LONDON August 10, 2010 – Manchester United and Chelsea football fans rarely agree on anything. In fact, it is pretty hard for them to do anything but disagree. But they did agree on one thing this past weekend at Wembley Stadium in England when their teams met in a pre-season match for something called the Community Shield Trophy.
Yossi Benayoun, from Beer-Sheva, Israel came on as a substitute for Chelsea in the second half and was received with a chorus of boos from the 85 thousand spectators, both those in blue and red. The reaction of the commentator to those boos and catcalls was just as interesting. Without mentioning apartheid Israel, in a subdued tone, the commentator noted how “the reaction was understandable”.
The signing of Benayoun by Chelsea was regarded as a public relations coup for Israeli hasbara and the hope was his presence on a premier European football club would normalize Israel’s place within the sporting world and beyond.

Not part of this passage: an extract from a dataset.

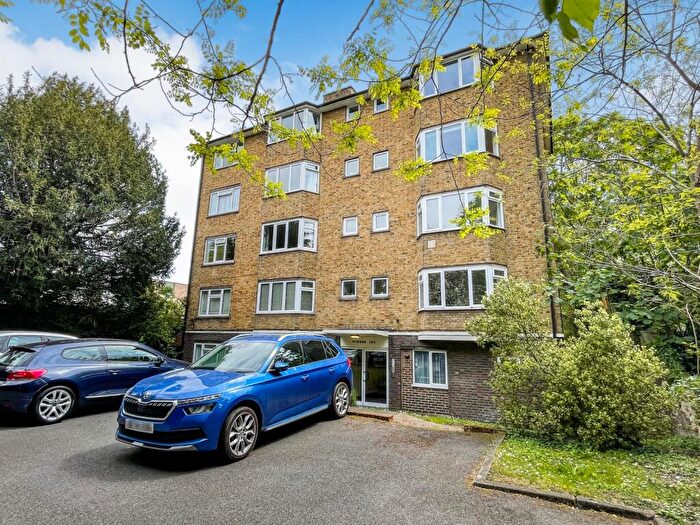 2 Bedroom Flat To Rent In St. Johns Park, London, SE3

The reality that came through on Sunday couldn’t have been further removed from that PR pipedream.
The fan reaction to Benayoun at Wembley was a direct reflection of the English public’s feelings about Israel. As public support for Israel dwindles throughout Europe, Benayoun is poised to become the scapegoat for Israel’s actions everytime he sets foot on the pitch for Chelsea this season. This situation is going to be a public relations nightmare for Israel all season long.
I have never met Yossi Benayoun, but I will say that he does not deserve to be the scapegoat for the crimes of a state that is committing open genocide on Palestinians and has recently murdered International aid workers. The problem is that despite the growing public opinion that decries Israel’s actions, the governments are slower to respond.
I’m sure that some British MPs were watching the footie match Sunday morning and even the slowest government representatives now understand how the English public feels about Israel after Benayoun was introduced.
Chelsea is in the UEFA Champions League again this year, which means that they will be playing all throughout Europe. With all the media control and government unresponsive to public opinion, Benayoun’s presence on the field with Chelsea will give the European public a chance to show the world how they feel about Israel.